Tout le tapage médiatique et la mobilisation des responsables politiques pour justifier une telle décision, montrent somme toute le dérapage de l’action gouvernementale et l’exploitation de certains dossiers pour des visées politiciennes. Faire le buzz dans le cas d’espèce est contre-productif, et donne par-dessus tout, un mauvais signal.
En effet, la mobilisation du gouvernement aurait dû se focaliser sur le plus urgent. Tel est le cas, par exemple, de la toute urgence d’assurer un rythme de production continu dans le bassin minier de Gafsa. A ce propos, l’on peut se demander à quoi sert de proclamer les sites de production et les installations stratégiques et vitales, zones militaires interdites, quand l’application fait toujours défaut et qu’il suffit d’une poignée de personnes pour que la paralysie de l’activité dans le bassin minier de Gafsa, aujourd’hui sinistré, soit totale.
Le paradoxe se reflète à travers l’impuissance de l’autorité publique d’arrêter les dégâts. Un chiffre illustre bien le malstrom qui est en train de précipiter ce secteur vers l’abîme. En huit ans, tout le secteur aura perdu l’équivalent de 12 milliards d’euros, alors que les effectifs se sont multipliés par trois. En lieu et place d’arrêter les dégâts, on se complaît dans la facilité et le saupoudrage qui risquent d’emporter dans leur sillage ce secteur stratégique, resté prisonnier des calculs et des choix hasardeux.
Il se reflète également à travers l’incohérence des acteurs politiques et leur incapacité à faire bouger les choses. Prisonniers d’un dogmatisme pesant, nos politiques sont derrière l’aggravation de la situation énergétique du pays et de l’aggravation du déficit commercial du pays devenu abyssal (sur les 19 milliards de dinars, 6 milliards de dinars proviennent de l’importation d’énergie). En effet, parce qu’on a appris à mettre tout le monde dans le même sac et que la suspicion de corruption est devenue un sport national, l’on a fini par enregistrer le départ des plus grandes compagnies pétrolières et par constater que le pays ne couvre plus que 50% de ses besoins en énergie.
Il se reflète, enfin, à travers l’explosion exponentielle de la masse salariale. Sous l’effet conjugué des recrutements anarchiques et des augmentations arrachées sous la pression, la masse salariale absorbe désormais plus de 40% des dépenses budgétaires et atteint 14% du PIB. Le drame, c’est que cet accroissement s’est fait souvent au détriment de l’investissement et du développement régional.

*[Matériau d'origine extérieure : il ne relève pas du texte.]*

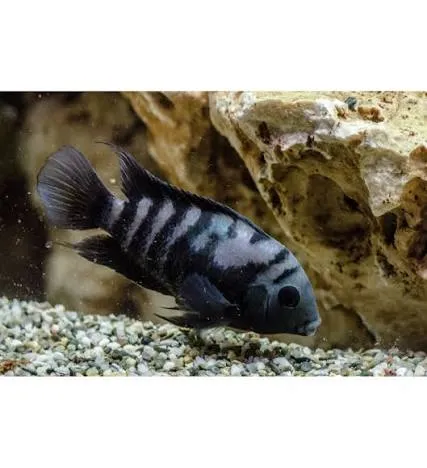 cichlasoma nigrofasciatus 4cm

Face à cette situation pour le moins grave, les perspectives d’avenir restent incertaines, puisque la volonté de conduire le changement et de mettre en route des réformes douloureuses et essentielles reste aux abonnés absents. Pour mettre le pays sur les rails, restaurer la confiance et saisir toutes les opportunités, le populisme ne peut être la meilleure des thérapeutiques.